Oleh: Luthfia ‘Indana Zulfa*
Sudah menjadi rahasia umum bahwasannya Indonesia memiliki utang luar negeri yang banyak. Begitu pula dengan BUMN yang saat ini mengalami kerugian dan dikabarkan utangnya semakin menggunung. PT PLN (Persero) misalnya, dikabarkan hutangnya mencapai 500 Triliyun rupiah. Dilansir dari detikfinance (4/6) menteri BUMN Eric Thohir mengungkapkan utang PT PLN (Persero) mencapai Rp 500 Triliyun. Ia mengatakan, salah satu cara yang dapat dilakukan untuk membenahi keuangan PLN ialah menekan 50% belanja modal.
Hal serupa juga tejadi di PT Garuda Indonesia (Persero) Tbk . Perusahaan ini menanggung rugi hingga U$ 100 juta atau sekitar Rp 1,43 triliyun per bulan dikarenakan pendapatan yang diterima tak sebanding dengan biaya yang mereka keluarkan. Kedua hal tersebut hanyalah salah dua dari masalah yang sedang dihadapi BUMN saat ini. Masalah ini akan semakin memburuk apabila tak segera ditangani.
Problem mendasar permasalahan ini adalah pada sistem Kapitalisme yang diterapkan di Indonesia. Yang menjadikan BUMN salah dalam berorientasi, sehingga kinerjanya diukur dengan ukuran untung rugi sebagaimana korporasi swasta. Bukan memberi untung bagi negara, kini BUMN justru menjadi masalah bagi negara
Berbeda dengan Islam, Islam menggolongkan harta publik sebagai kepemilikan umum dan kepemilikan negara. Kepemilikan umum adalah hal yang mencakup kebutuhan khalayak umum dan SDA (Sumber Daya Alam) yang tak terbatas seperti: air, hutan, tambang, infrastruktur jalan dan lain-lain. Hal tersebut tidak boleh dikelola selain oleh negara sendiri. Adapun kepemilikan negara merupakan harta yang merupakan hak seluruh kaum muslimin dan pengelolaannya menjadi wewenang khalifah seperti harta fa’i, kharaj, jizyah, ghanimah, dan lain-lain.
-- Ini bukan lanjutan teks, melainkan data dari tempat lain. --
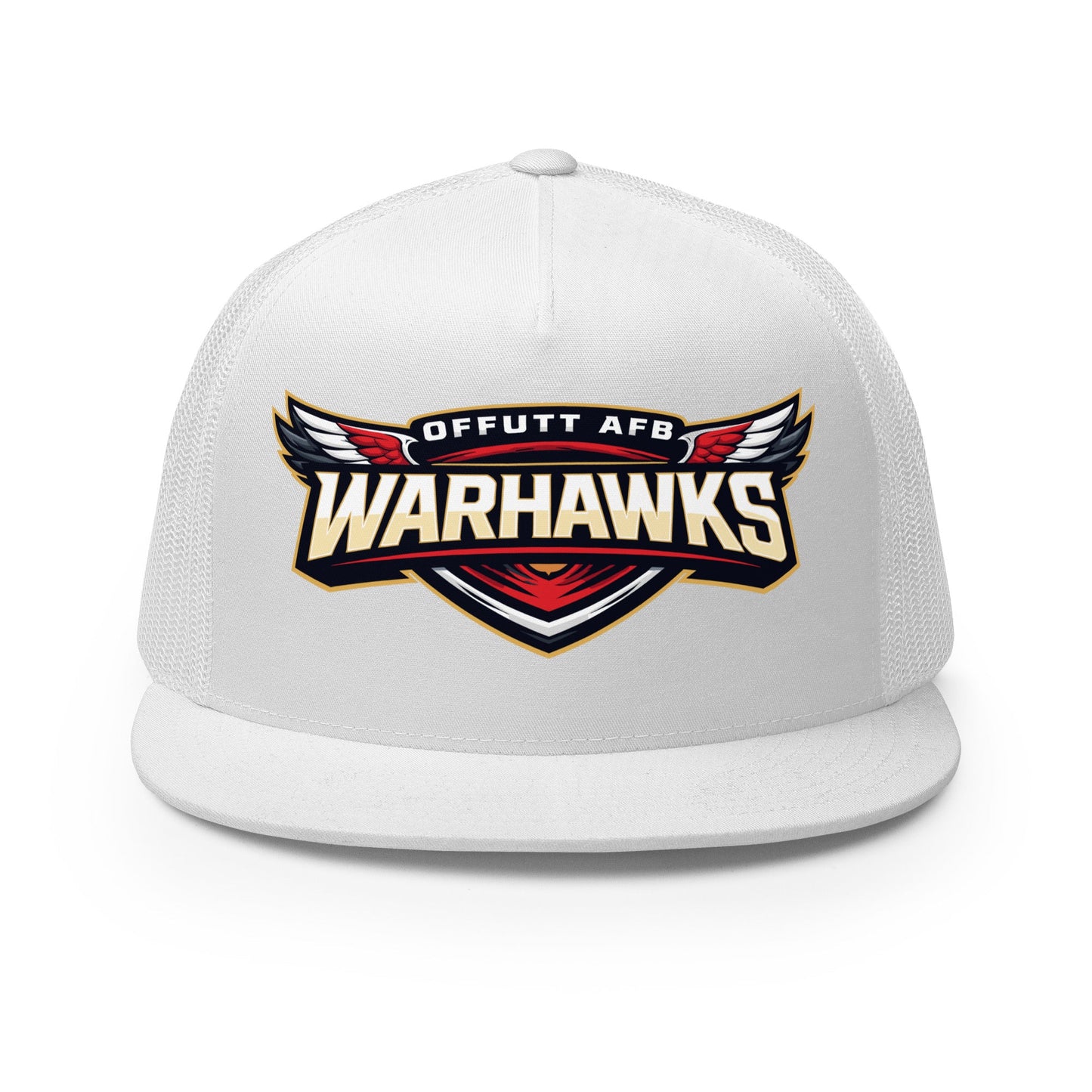 Performance | 5 Panel Trucker Cap | Offutt AFB Warhawks | Mark Logo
Sebagai pemilik kewenangan, khalifah dapat memberikan harta tersebut kepada sebagian kaum muslimin sehingga pengelolaan tanah dapat dikelola rakyat atau lembaga seperti BUMN. Dalam pengelolaannya mengorientasikan pada pemberdayaan masyarakat.
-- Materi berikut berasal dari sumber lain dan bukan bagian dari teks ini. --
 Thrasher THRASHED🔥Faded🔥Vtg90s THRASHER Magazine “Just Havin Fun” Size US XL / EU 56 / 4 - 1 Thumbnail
Konsep pengelolaan secara Islam ini tidak dapat berdiri sendiri. Akan tetapi perlu adanya suatu institusi yang menjalankannya dengan sistem pemerintahan Islam yaitu Khilafah. Apabila hal tersebut diterapkan, dengan mudah akan meminimalisir bahkan meniadakan kasus-kasus seperti diatas karena Khilafah mengedepankan kesejahteraan masyarakat.